Work to be completed ▸
Please restate the data that follows word for word, with the pictures left out.

Information supplied ▸
----

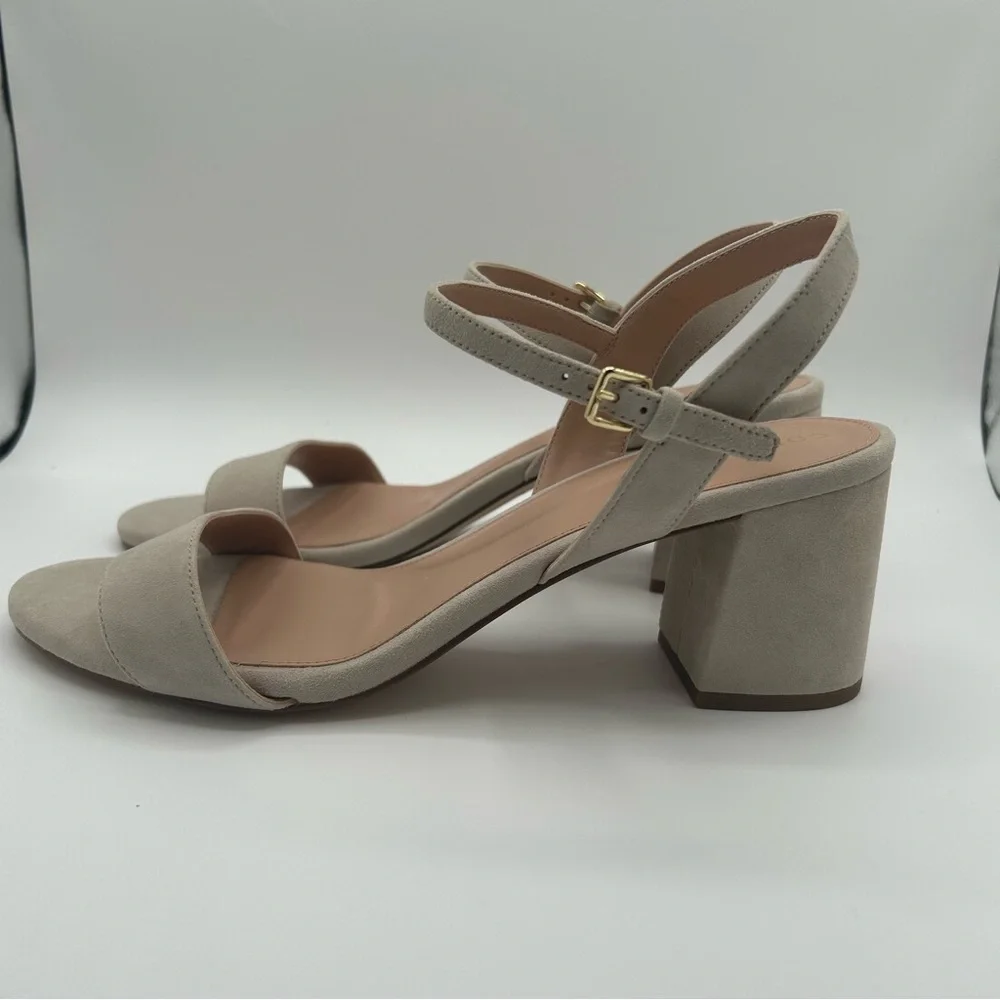 New Womens Cole Haan Josie Block Heels (65mm) heeled Mortar Suede size 11 B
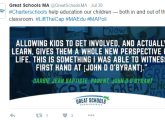 Pro-charter tweet praises a BPS school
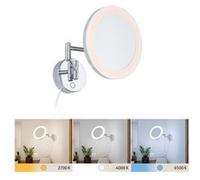 Paulmann Miroir cosmétique LED Masua IP44 interrupteur blanc 55 lm 230 V 4 W chrome
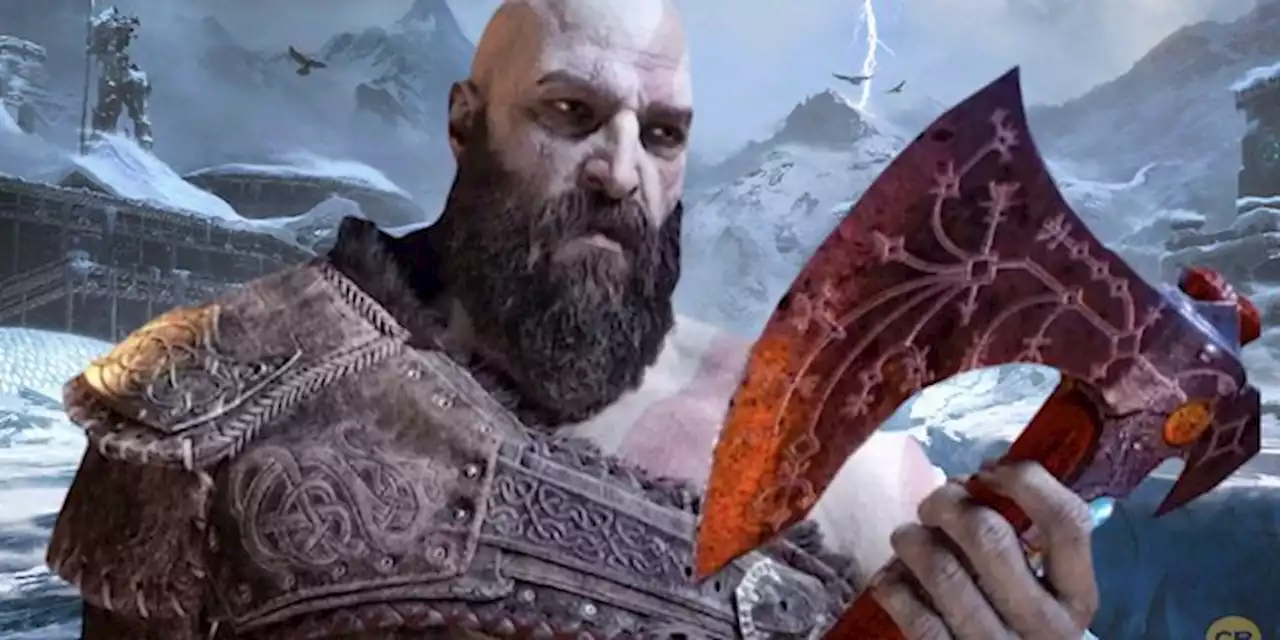 God of War Ragnarok Promoted With Gigantic Leviathan Axe in London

----

Reply ▸
 New Womens Cole Haan Josie Block Heels (65mm) heeled Mortar Suede size 11 B
 Pro-charter tweet praises a BPS school
 Paulmann Miroir cosmétique LED Masua IP44 interrupteur blanc 55 lm 230 V 4 W chrome
 God of War Ragnarok Promoted With Gigantic Leviathan Axe in London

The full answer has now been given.